This takes us to the next question: Can deterrence work? Often, apologists for Iran or people who do not spend a lot of time thinking about the problem, sadly, will say, “Well, we have deterrence. Why can you not look at deterrence in the case of Iran?” Well, deterrence is, above all, a psychological relationship that involves a mutual mind reading. One party is trying to induce the other to perform the same kind of cost-benefit calculation that it itself would do and come to a conclusion that the risks and the costs would outweigh the benefits.

You have to operate on the same basis of rationality. It is not rational or irrational, but it has to be the same basis of rationality. Mutually assured destruction cannot work when one of the parties believes that its ultimate goals are not temporal.

This takes us to the next question: Can the deterrence that was used during the Cold War provide a useful analogy? I suggest that it is a tempting analogy, but, ultimately, it is dangerously wrongheaded.

First, deterrence was not all that wonderful during the Cold War. It was very risky. Research done by people like J. David Singer has shown that — and I will quote briefly from J. David Singer — “the world may have escaped nuclear devastation by sheer luck — less a consequence of intelligent policy than a fortunate concatenation of conditions.”

There is something else very important. The Soviet leadership was driven by an ideological imperative that pivoted on the victory of the proletariat here on earth, not in heaven.
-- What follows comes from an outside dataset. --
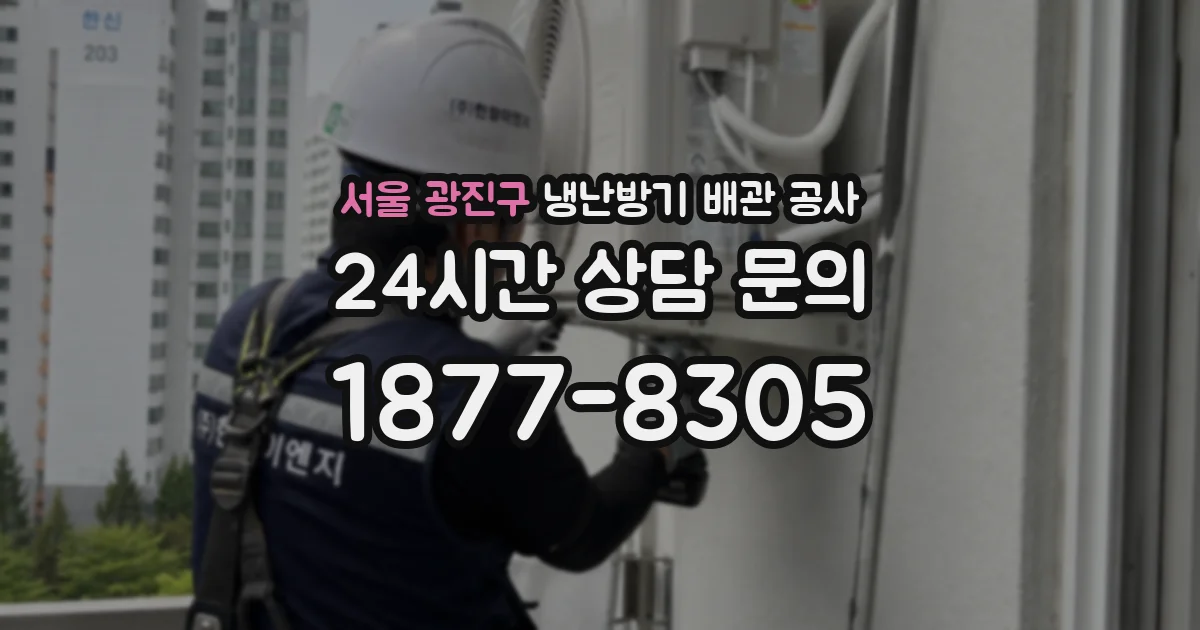 서울 광진구 냉난방기 배관 공사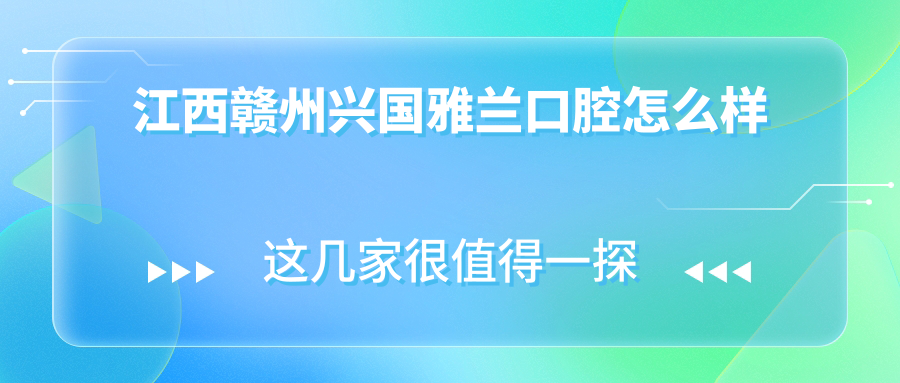 江西赣州兴国雅兰口腔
The Soviet Union, consequently, could not achieve its ideological goals if there was a nuclear holocaust. It is something else when you are looking at a regime that believes there might be other ways of achieving its goals. On the one hand, in the Cold War with the Soviet Union, we had ideological constraints. On the other hand, when we have an extreme theology, we have theological licence. We had better be aware of that.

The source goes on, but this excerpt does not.